### Task statement:
Without including any images, repeat the data exactly.

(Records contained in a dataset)
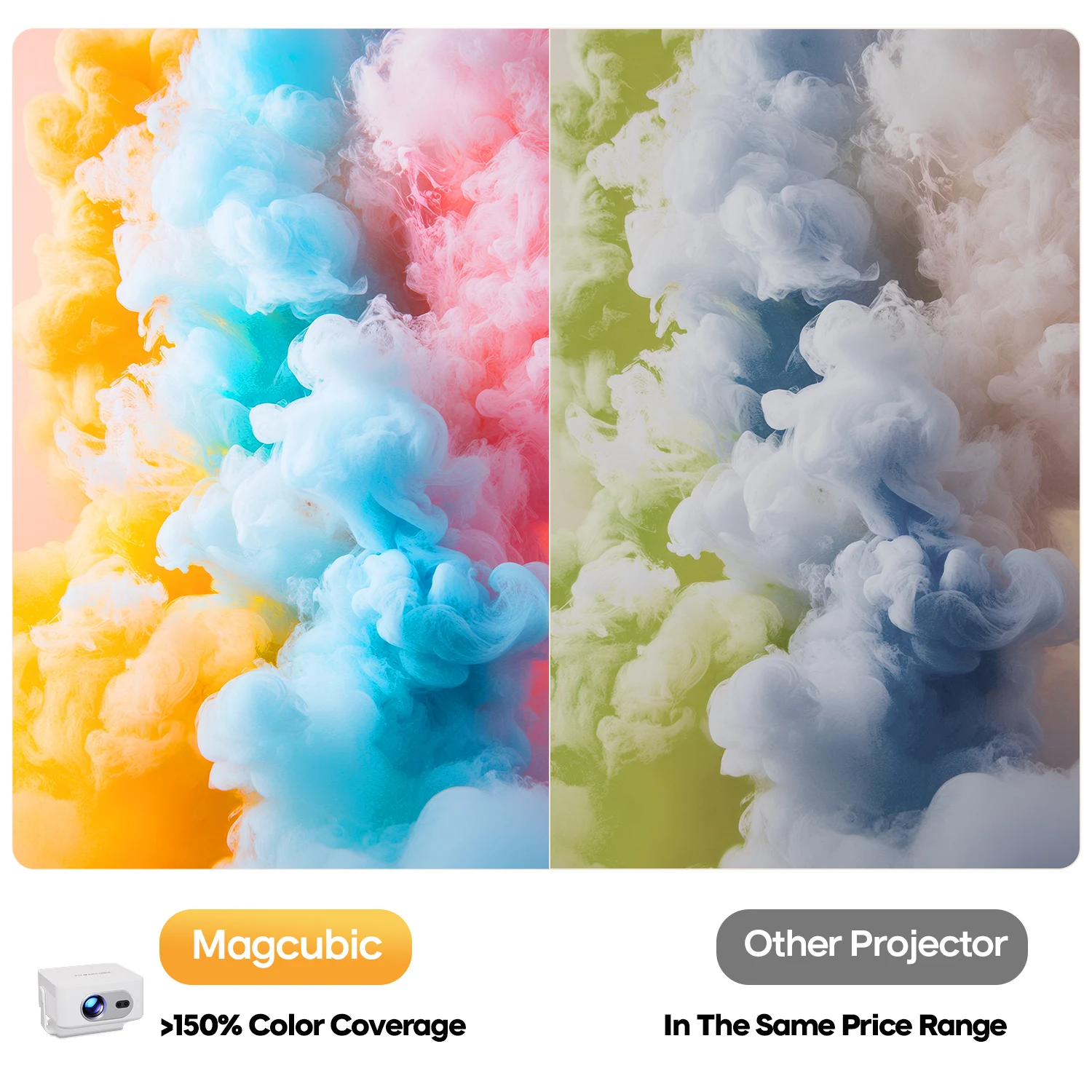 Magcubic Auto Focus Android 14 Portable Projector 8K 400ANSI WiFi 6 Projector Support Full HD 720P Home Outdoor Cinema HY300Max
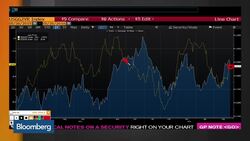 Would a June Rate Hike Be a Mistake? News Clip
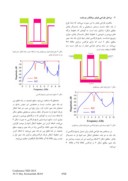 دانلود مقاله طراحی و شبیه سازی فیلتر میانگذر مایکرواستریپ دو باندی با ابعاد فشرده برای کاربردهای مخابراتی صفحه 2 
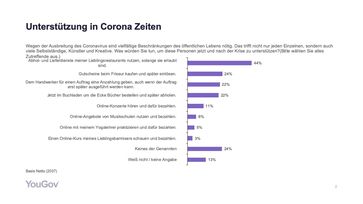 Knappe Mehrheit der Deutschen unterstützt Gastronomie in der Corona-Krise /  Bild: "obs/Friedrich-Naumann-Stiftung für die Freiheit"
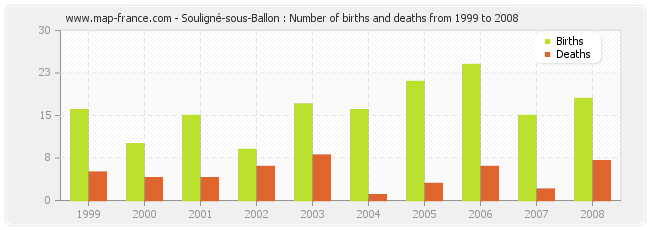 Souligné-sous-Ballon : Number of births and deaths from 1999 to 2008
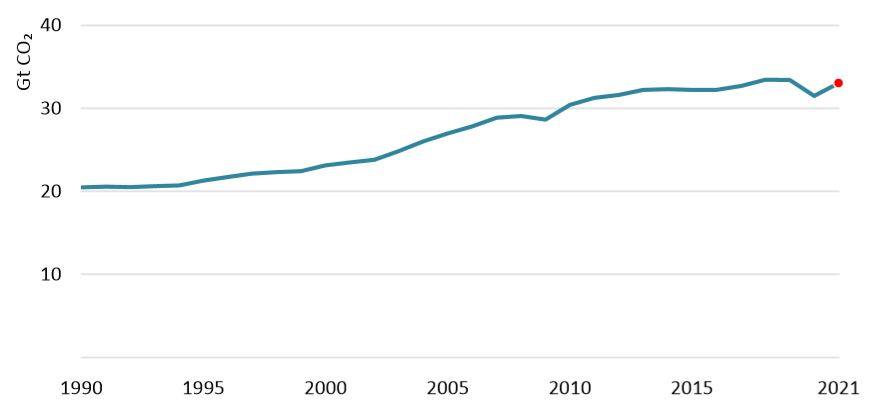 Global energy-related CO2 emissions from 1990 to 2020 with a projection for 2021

### Answer to this exercise:
 Magcubic Auto Focus Android 14 Portable Projector 8K 400ANSI WiFi 6 Projector Support Full HD 720P Home Outdoor Cinema HY300Max
 Would a June Rate Hike Be a Mistake? News Clip
 دانلود مقاله طراحی و شبیه سازی فیلتر میانگذر مایکرواستریپ دو باندی با ابعاد فشرده برای کاربردهای مخابراتی صفحه 2 
 Knappe Mehrheit der Deutschen unterstützt Gastronomie in der Corona-Krise /  Bild: "obs/Friedrich-Naumann-Stiftung für die Freiheit"
 Souligné-sous-Ballon : Number of births and deaths from 1999 to 2008
 Global energy-related CO2 emissions from 1990 to 2020 with a projection for 2021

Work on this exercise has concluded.